> [WHAT YOU HAVE TO DO] Without any of its pictures, the listing below should be output exactly.

> [EXTRACTED RECORDS]
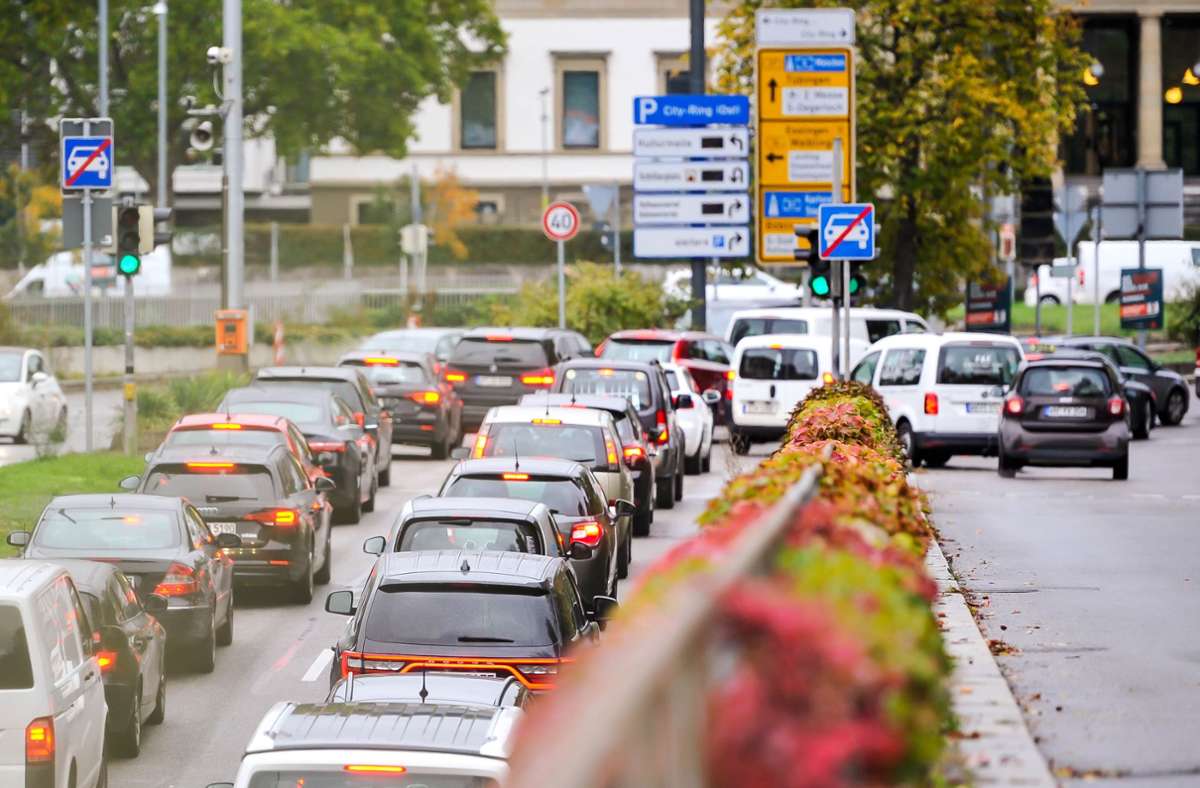 2020 war nur noch in Stuttgart und Ludwigsburg auf einzelnen Straßenabschnitten mit zusammen knapp 800 Metern Länge der Grenzwert für die Belastung mit Stickstoffdioxid überschritten worden (Symbolbild). Foto: Lichtgut/Max Kovalenko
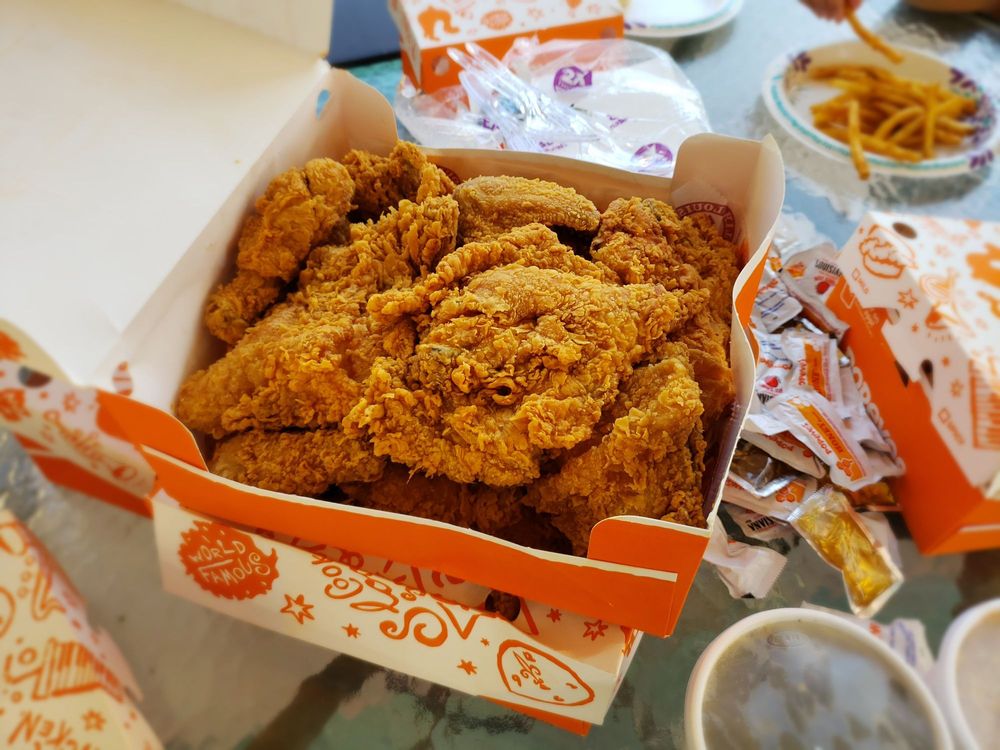 Popeyes Louisiana Kitchen 2460 S Vineyard Ave, Ontario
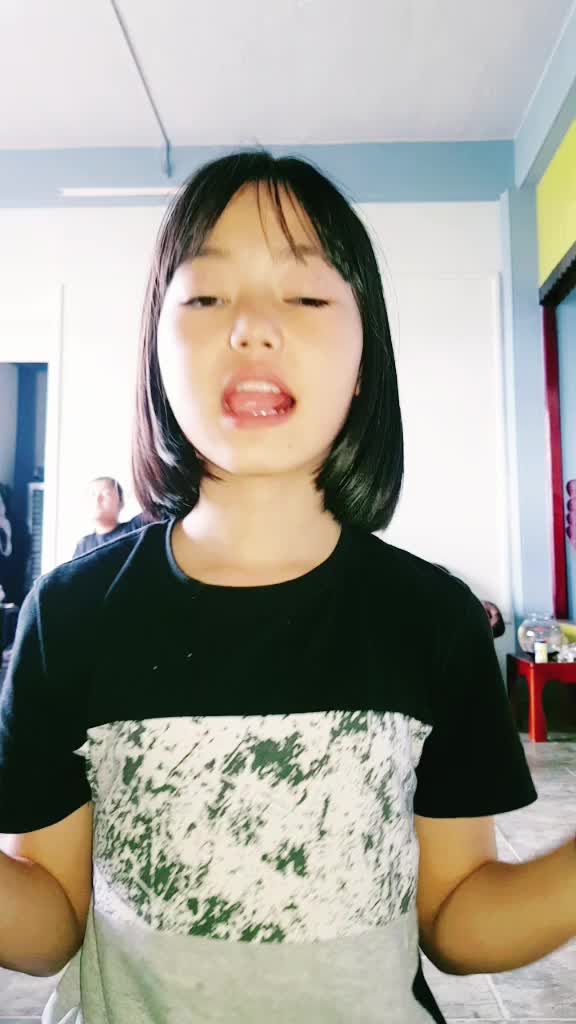 @LalhmingsangiSailo👸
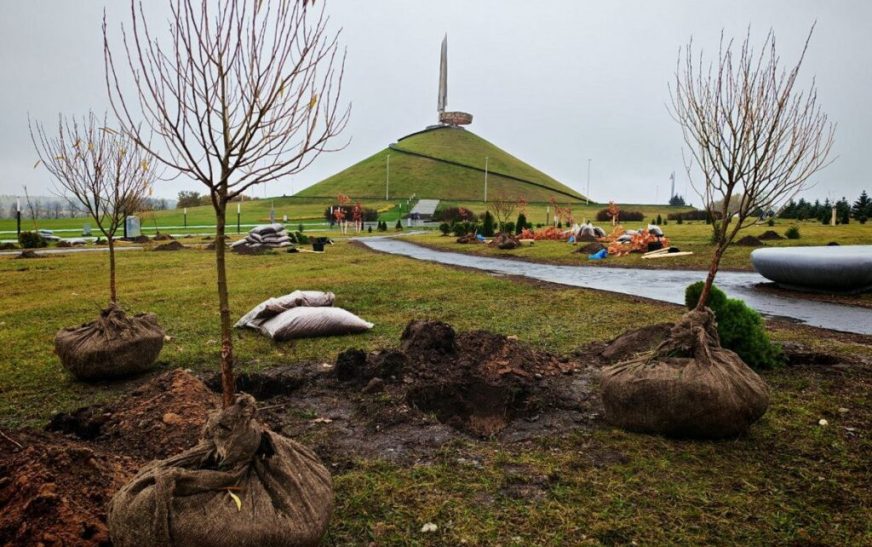 Крылья аиста у Кургана Славы: парк в форме символа Беларуси заложили у подножия комплекса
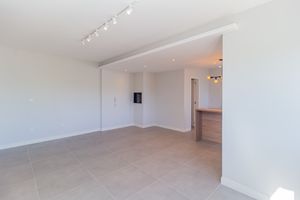 Image 3 - 829074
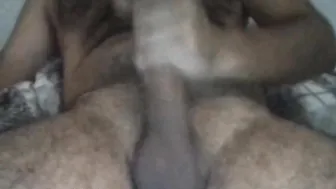 Papá árabe peludo se masturba solo con gemidos calientes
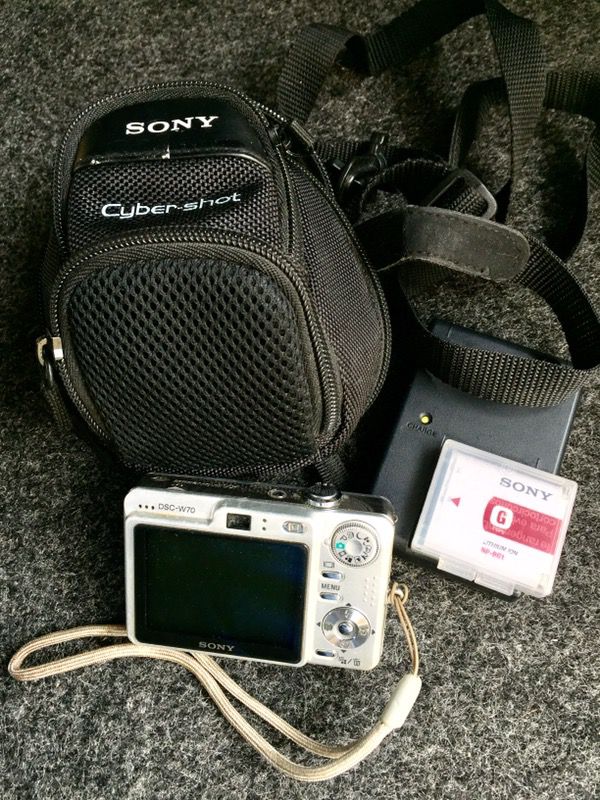Sony Cybershot 7.2MP Digital Camera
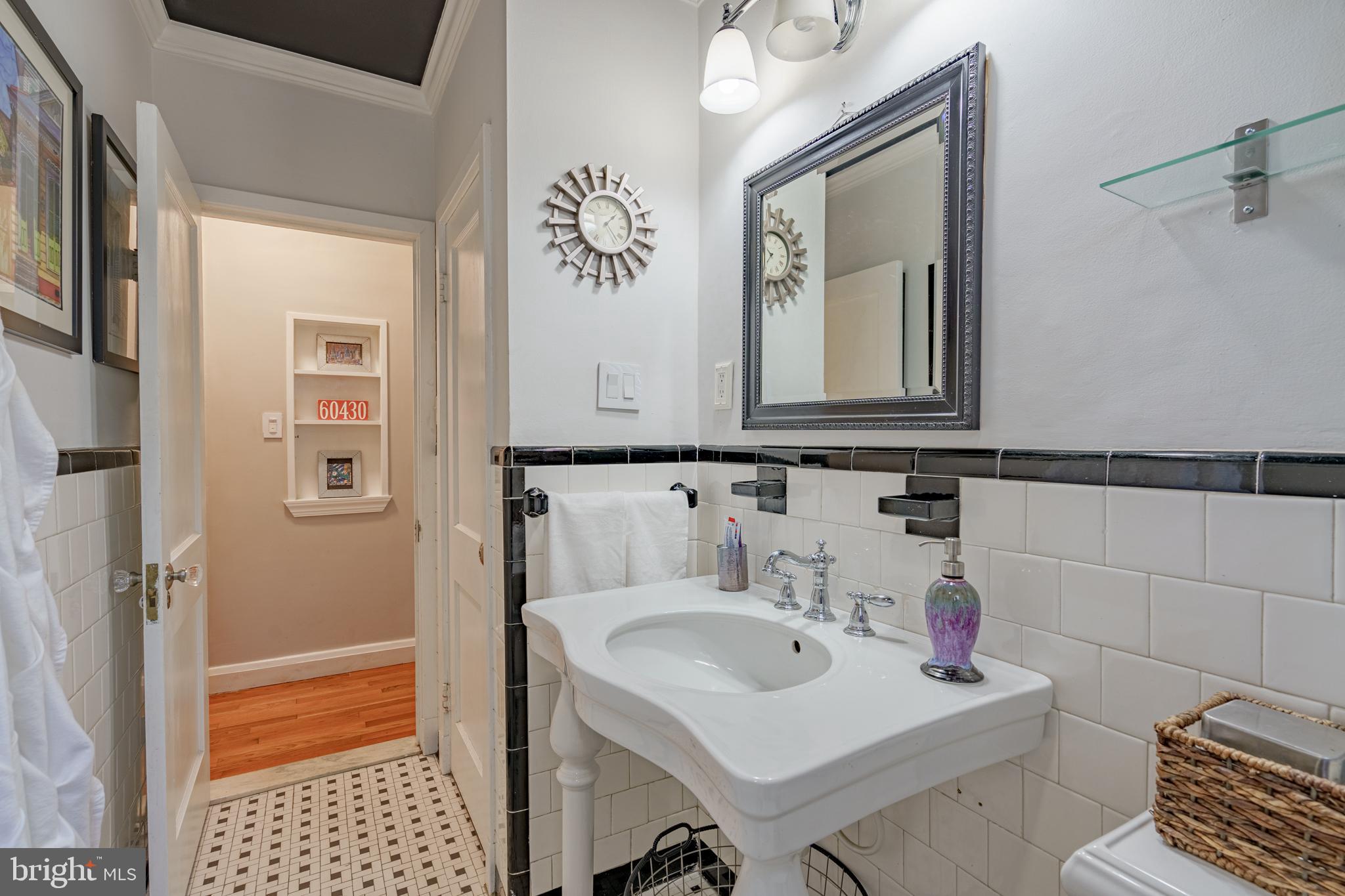 7110 Bristol Road Baltimore, MD 21212 - Photo 28 of 58 Wonderful spa like bath.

> [ANSWER SECTION]
 2020 war nur noch in Stuttgart und Ludwigsburg auf einzelnen Straßenabschnitten mit zusammen knapp 800 Metern Länge der Grenzwert für die Belastung mit Stickstoffdioxid überschritten worden (Symbolbild). Foto: Lichtgut/Max Kovalenko
 Popeyes Louisiana Kitchen 2460 S Vineyard Ave, Ontario
 @LalhmingsangiSailo👸
 Крылья аиста у Кургана Славы: парк в форме символа Беларуси заложили у подножия комплекса
 Image 3 - 829074
 Papá árabe peludo se masturba solo con gemidos calientes
Sony Cybershot 7.2MP Digital Camera
 7110 Bristol Road Baltimore, MD 21212 - Photo 28 of 58 Wonderful spa like bath.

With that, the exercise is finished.